COLLABORATION ET PHOTOGRAPHIE.
Dans la France d’aujourd’hui, il n’est pas fréquent que de vrais scandales éclatent au grand jour. Ce n’est pas que les occasions manquent, mais plutôt que la caisse de résonance – les médias, comme on dit – est étouffée. En voici un pourtant, à propos de l’exposition « Les Parisiens sous l’occupation » à la Bibliothèque historique de la Ville de Paris. Les journaux et même certains édiles se sont indignés de ce que les photos d’André Zucca aient été présentées sans qu’il soit précisé que ce photographe travaillait pour l’édition française du magazine de l’armée allemande Signal. D’où des pages entières sur la relation entre histoire et photographie, photographie et réel, et autres joyeusetés.
Ce qui permet de ne pas trop parler des photos, qui sont pourtant bien intéressantes. Ce sont des images en couleur, Zucca ayant reçu des Allemands des pellicules Agfacolor. Et ce sont de bonnes photos, ou plus précisément des clichés qui datent d’une bonne époque de la photographie. Certaines images – les semelles compensées, les pêcheurs à la ligne, les Halles – pourraient être signées Doisneau, par exemple.
Mais surtout, les responsables de l’exposition ont eu la cruauté involontaire de faire un accrochage par quartiers, ce qui montre la vérité sur la présence de l’armée allemande à Paris. Les terrasses des cafés des Champs-Élysées sont pleines, et les officiers s’y promènent aussi tranquillement que s’ils étaient sur le Kurfurstendam. Les belles dames sont sans doute les mêmes qui, trois ou quatre ans auparavant, acclamaient le triomphe de Daladier à Munich et criaient sur les trottoirs de l’avenue « Les communistes sac au dos, les Juifs à Jérusalem ». À l’hippodrome de Longchamp, les pilotes de la Luftwaffe se font photographier aux côtés de beautés coiffées de chapeaux fleuris à la dernière mode. À la Madeleine, des élégantes (à la sortie de la messe ? d’un mariage ?) descendent les marches accompagnées de jeunes gens décorés, en uniforme vert-de-gris.

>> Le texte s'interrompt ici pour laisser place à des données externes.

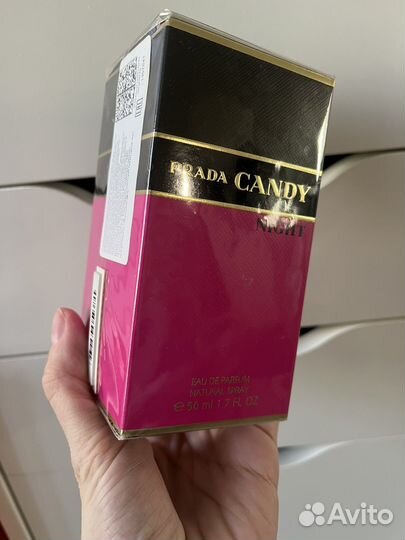 Духи Prada candy night 50 мл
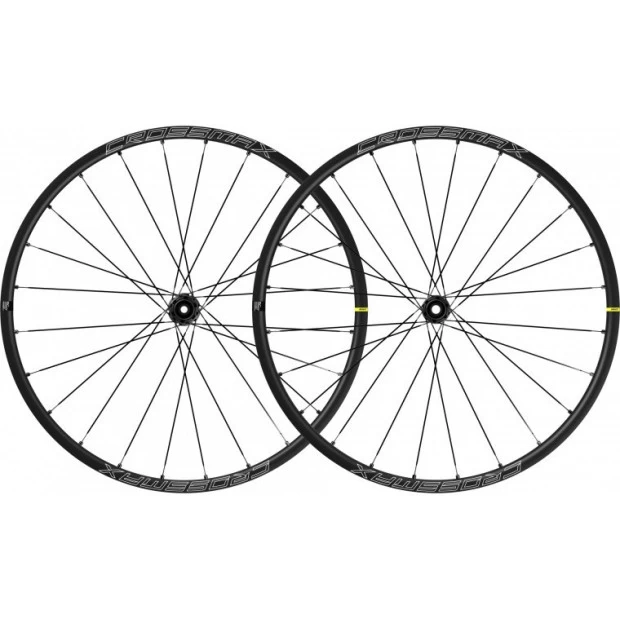 Paire De Roues VTT Mavic Crossmax SL 29" Boost Disque Center Lock (25-622) Shimano MS
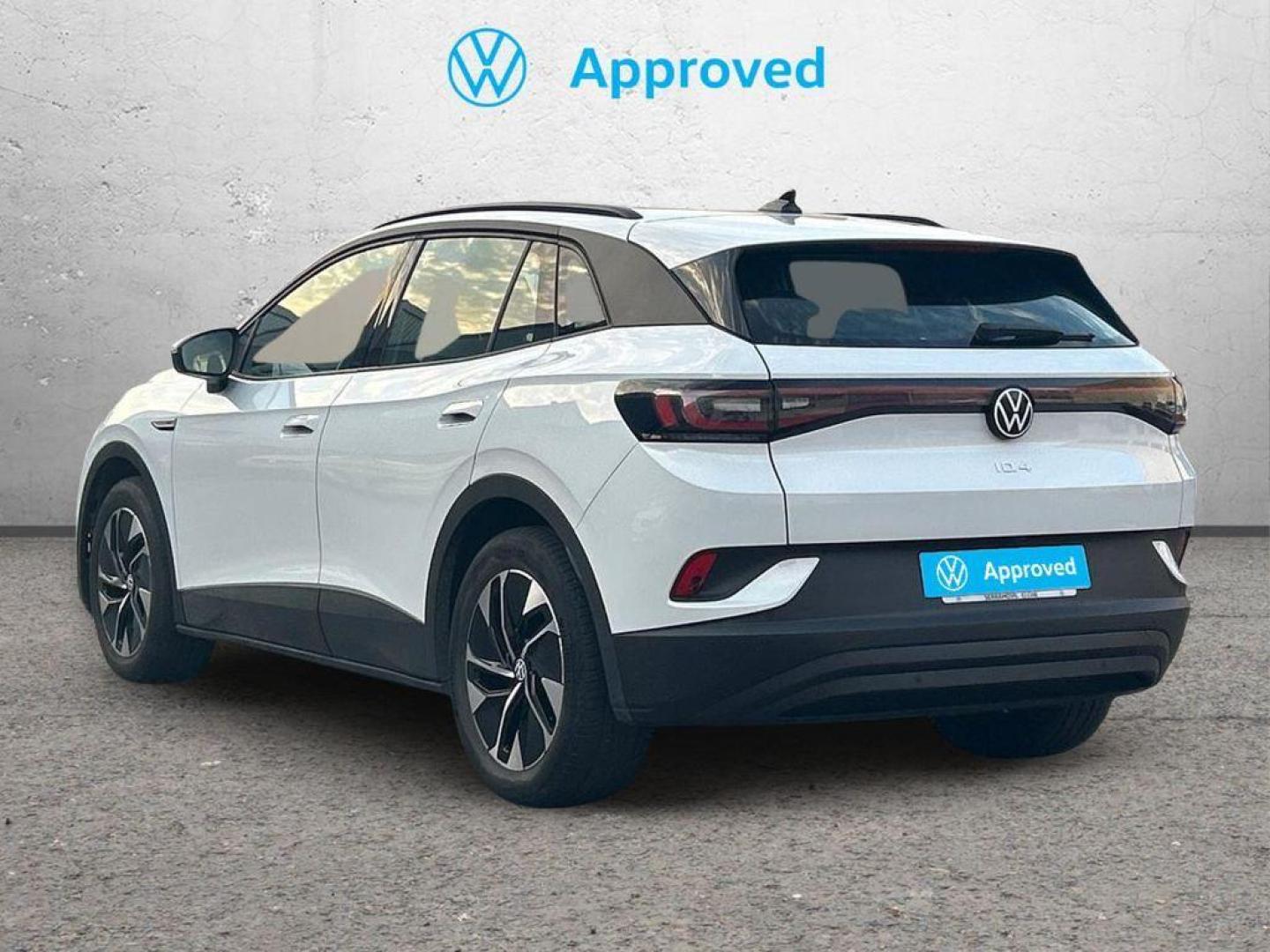 Volkswagen ID.4 Pro 77kWh 210 kW (286 CV)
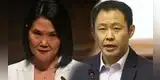 ¿Y Kenji? Keiko Fujimori no nombró a su hermano en discurso y llamativo detalle no pasó desapercibido por usuarios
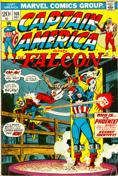 Captain America (1st Series) #168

Dans les quartiers populaires, au contraire, on ne voit pas un seul soldat allemand sur les photos de Zucca. Ni aux Halles, ni à Ménilmontant, ni à la République, ni à Belleville, où il a pris une belle vue de foule entre le café La Vielleuse et son pendant de l’autre côté de la rue de Belleville, le Point du Jour. C’est simple : dans ces quartiers-là, les Allemands n’y allaient pas, ni en touristes, ni même en voitures et en armes – il y avait la police française pour ça. C’était le Paris de la résistance, comme le rappellent les nombreuses plaques rappelant dans ces rues ceux qu’on a déportés, torturés, fusillés.
Là est le vrai scandale de cette exposition : elle montre la différence entre deux parties de la ville, celle de la collaboration et l’autre. Cette différence existe toujours, mais ceux qui tiennent les places des collabos d’autrefois n’aiment pas qu’on en parle.